— INSTRUCTIONS TO FOLLOW —
Take the entries below and print, exactly, the stretch from the line containing "A mid-30s white" through the line containing "Libertad Yacht Photos", both included.

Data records
[Start of Attachment]
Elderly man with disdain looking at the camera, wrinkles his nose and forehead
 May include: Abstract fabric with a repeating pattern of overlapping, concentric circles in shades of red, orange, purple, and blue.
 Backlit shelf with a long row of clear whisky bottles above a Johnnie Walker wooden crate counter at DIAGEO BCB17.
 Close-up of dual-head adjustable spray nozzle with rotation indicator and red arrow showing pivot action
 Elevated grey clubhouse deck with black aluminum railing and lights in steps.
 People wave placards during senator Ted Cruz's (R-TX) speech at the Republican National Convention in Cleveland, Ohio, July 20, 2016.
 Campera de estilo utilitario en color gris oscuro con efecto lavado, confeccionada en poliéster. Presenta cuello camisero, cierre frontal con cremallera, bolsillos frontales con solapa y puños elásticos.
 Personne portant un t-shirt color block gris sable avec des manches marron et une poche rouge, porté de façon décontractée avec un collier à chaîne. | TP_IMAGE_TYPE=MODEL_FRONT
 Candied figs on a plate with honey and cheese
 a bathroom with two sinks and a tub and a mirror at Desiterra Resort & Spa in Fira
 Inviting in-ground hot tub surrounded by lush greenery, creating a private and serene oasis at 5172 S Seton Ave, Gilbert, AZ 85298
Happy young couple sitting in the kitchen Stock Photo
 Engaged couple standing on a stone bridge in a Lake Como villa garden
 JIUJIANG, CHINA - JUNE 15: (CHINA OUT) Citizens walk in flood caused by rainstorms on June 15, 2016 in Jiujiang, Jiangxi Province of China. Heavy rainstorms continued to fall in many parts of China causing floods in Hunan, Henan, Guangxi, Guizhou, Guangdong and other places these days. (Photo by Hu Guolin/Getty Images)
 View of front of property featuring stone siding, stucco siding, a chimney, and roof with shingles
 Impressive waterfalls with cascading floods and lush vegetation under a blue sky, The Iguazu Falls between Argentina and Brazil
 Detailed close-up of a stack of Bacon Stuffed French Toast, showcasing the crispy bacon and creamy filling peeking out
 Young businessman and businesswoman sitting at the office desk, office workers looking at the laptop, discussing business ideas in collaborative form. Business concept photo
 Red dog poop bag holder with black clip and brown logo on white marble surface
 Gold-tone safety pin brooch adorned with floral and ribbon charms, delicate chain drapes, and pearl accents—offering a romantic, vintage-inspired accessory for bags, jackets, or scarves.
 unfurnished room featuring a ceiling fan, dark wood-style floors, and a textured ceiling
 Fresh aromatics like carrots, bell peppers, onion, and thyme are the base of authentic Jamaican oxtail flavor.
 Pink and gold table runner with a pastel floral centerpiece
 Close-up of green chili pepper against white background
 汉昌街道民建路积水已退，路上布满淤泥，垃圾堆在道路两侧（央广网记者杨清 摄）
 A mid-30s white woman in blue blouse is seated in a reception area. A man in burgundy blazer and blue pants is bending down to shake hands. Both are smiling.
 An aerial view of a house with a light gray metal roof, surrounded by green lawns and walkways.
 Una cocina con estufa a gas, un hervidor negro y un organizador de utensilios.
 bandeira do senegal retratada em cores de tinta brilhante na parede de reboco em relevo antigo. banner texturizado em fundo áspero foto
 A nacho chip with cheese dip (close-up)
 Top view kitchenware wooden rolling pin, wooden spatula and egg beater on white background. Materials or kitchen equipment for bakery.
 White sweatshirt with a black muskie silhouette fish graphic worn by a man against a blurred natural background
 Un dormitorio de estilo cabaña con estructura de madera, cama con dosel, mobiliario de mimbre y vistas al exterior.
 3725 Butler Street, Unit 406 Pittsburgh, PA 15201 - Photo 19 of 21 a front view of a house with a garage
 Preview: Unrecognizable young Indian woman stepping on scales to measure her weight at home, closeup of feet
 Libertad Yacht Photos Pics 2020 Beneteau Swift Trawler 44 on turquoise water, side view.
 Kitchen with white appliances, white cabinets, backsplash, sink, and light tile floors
[End of Attachment]
— WRITTEN ANSWER —
 A mid-30s white woman in blue blouse is seated in a reception area. A man in burgundy blazer and blue pants is bending down to shake hands. Both are smiling.
 An aerial view of a house with a light gray metal roof, surrounded by green lawns and walkways.
 Una cocina con estufa a gas, un hervidor negro y un organizador de utensilios.
 bandeira do senegal retratada em cores de tinta brilhante na parede de reboco em relevo antigo. banner texturizado em fundo áspero foto
 A nacho chip with cheese dip (close-up)
 Top view kitchenware wooden rolling pin, wooden spatula and egg beater on white background. Materials or kitchen equipment for bakery.
 White sweatshirt with a black muskie silhouette fish graphic worn by a man against a blurred natural background
 Un dormitorio de estilo cabaña con estructura de madera, cama con dosel, mobiliario de mimbre y vistas al exterior.
 3725 Butler Street, Unit 406 Pittsburgh, PA 15201 - Photo 19 of 21 a front view of a house with a garage
 Preview: Unrecognizable young Indian woman stepping on scales to measure her weight at home, closeup of feet
 Libertad Yacht Photos Pics 2020 Beneteau Swift Trawler 44 on turquoise water, side view.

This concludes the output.